N’empêche, elle avait bien fait, l’employée, de ne pas la laisser dans le noir. Peut-être aurait-elle crié, de sentir l’égarée qui cherchait son visa.  

Elle l’imaginait dans la même position allongée sur le dos. 

Sur un corps mal aimé, personne n’avait effacé la dévastation d’une mère possessive, ne lui octroyant que ce maquillage insensé dont elle s’entartinait, – emplâtre qu’une enfant aurait eu envie de rayer – et ce rouge pour des lèvres qui n’avaient donné nul baiser.  

La mère volontiers libertine avait interdit à sa fille l’accès aux douceurs qu’elle-même avait goûtées. Si bien que chaque matin la fille enfilait docilement son masque, qui laissait supposer une jouissance dont seule la mère gardait le privilège. 

Flouée.  

Dans son parcours manquait un sens. 

Elle avait été élevée dans l’apparence d’une traînée défraîchie avant l’âge, pomponnée pour le dévergondage.  

Mais la mère, elle, ne s’était pas gênée.  

Avait-elle eu, celle-là, conscience de la cruauté à faire passer, sous le nez de sa descendante, les effluves d’un repas alléchant qu’elle savourait à la barbe du mari, ne laissant derrière elle qu’une esquisse de félicités imprécises…  

Quelle loyauté imbécile avait amené la fille à se taire. Était-ce par peur du risque qu’elle était devenue cette carcasse déjà vide ?  

Terrible choix de tout gober.  

Pauvre cloche, l’avait-elle soupçonné ; à moins que cela ne l’ait arrangée, dans cette peur des autres qui s’était progressivement installée. 

Elle s’était coulée un peu plus dans le liquide bienveillant, pour se soustraire au bûcher.  
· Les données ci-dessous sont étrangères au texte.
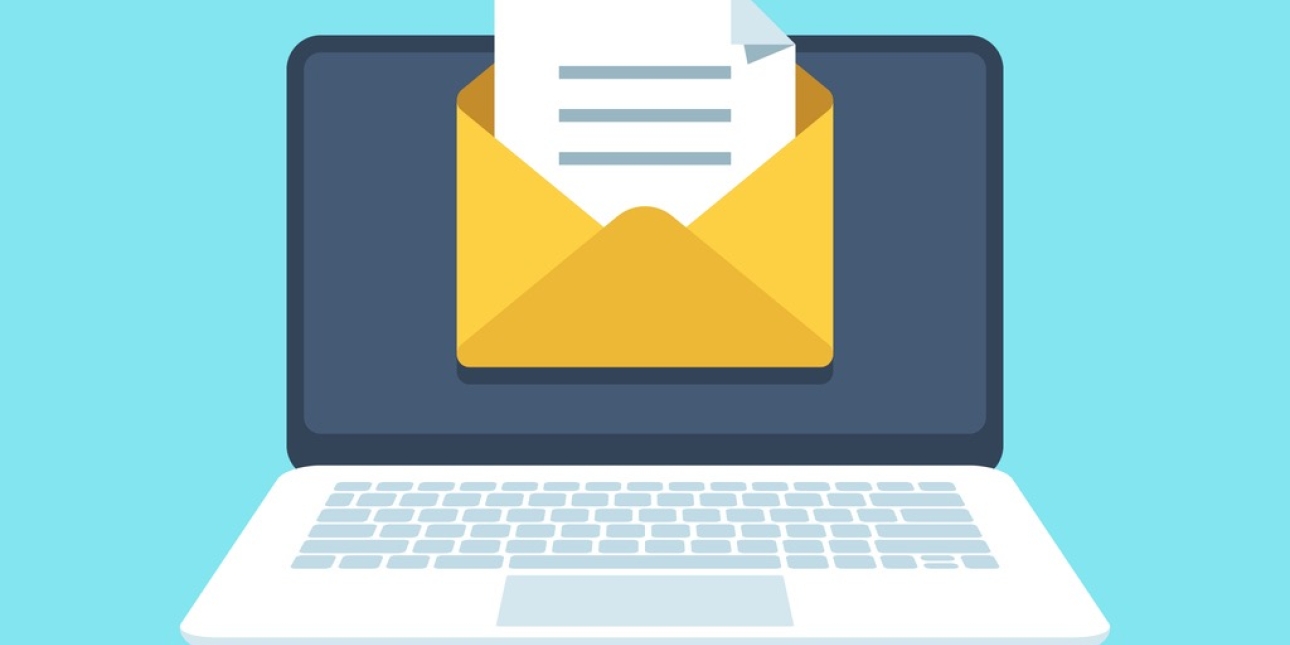 Illustration of a laptop. On the screen is an opened envelope revealing a piece of paper with three horizontal lines representing text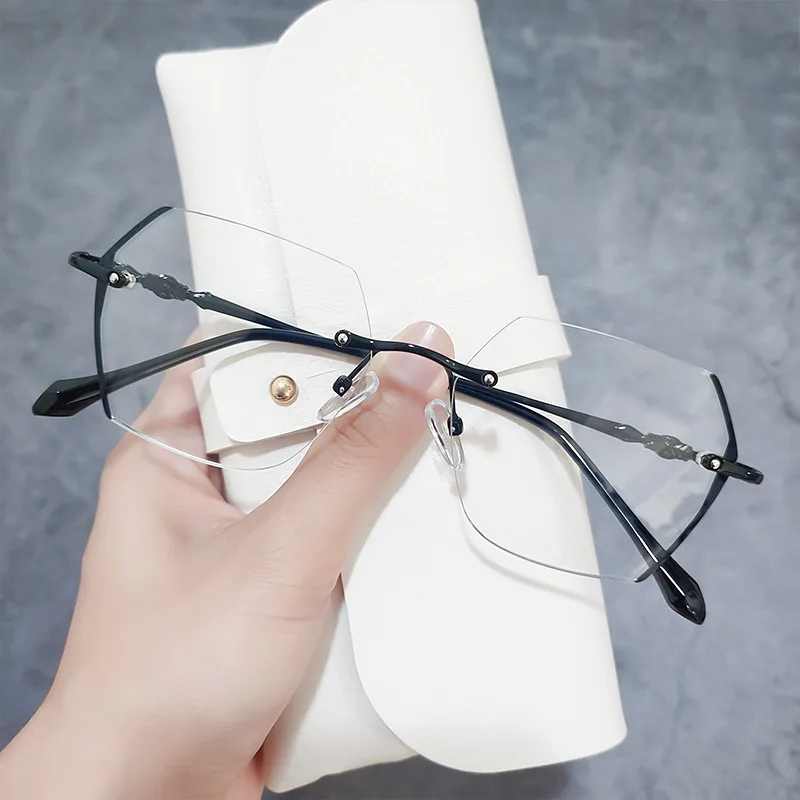 Очки для близорукости мужчин и женщин модные многогранные без оправы компьютер в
Des picotements excitaient ses voûtes plantaires. Bientôt une pulsation plus forte était montée le long des jambes, et avait enveloppé ses hanches. 

C’est son bassin entier qu’une main de fer avait soudain empoigné.  

Dans un clapotis l’étreinte s’était resserrée et elle avait entrouvert un œil, juste pour vérifier que personne ne s’était introduit dans la salle.  

On n’entendait que les gargouillis de son eau bouillonnante.  

Elle s’était autorisée de légers grognements, couverts par le vacarme des flots. De cette certitude – qu’une nouvelle vague allait, quoi qu’il arrive, lui labourer le dos – venait une grande partie de son plaisir. 

Une sensation nouvelle l’avait gagnée à mesure que le courant lui martelait les flancs. Il s’était insinué le long des côtes, atteignait les lombaires.  

Elle avait senti mille aiguilles lui démanger la chair comme autant d’ongles fouillant un point inaccessible, un espace bermudien entre les omoplates.  

Mais tandis que malgré elle s’échappait de ses lèvres l’encouragement à poursuivre, la sensation s’était déjà déplacée, et c’était au tour de ses épaules d’être adroitement malaxées.  

La pression amie avait alors déniché dans un endroit exquis, l’arrière du bras méconnu des amants, un territoire à explorer que, par à-coups successifs, l’onde foulait, puis relâchait. Comme si une pieuvre collait à elle ses ventouses, se plaquait en avides succions, l’enserrait de ses tentacules chauds pour la quitter soudain, et la rendre à l’anticipation de l’enlacement suivant.  

Elle ignorait qu’une telle délectation veillait à l’arrière de ses bras.

Elle s’était réveillée tout à fait, confuse de s’être laissée prendre à un artifice mécanique.  

Elle craignait aussi que son double – dans un sursaut de dépit – n’essaie de lui ravir sa délivrance. Car s’était dessiné ce soir-là un secret que l’autre n’avait jamais perçu et dont la révélation lui était accordée quand il était trop tard.  

De quoi se morfondre d’une privation dont on saisit l’injustice pour la première fois.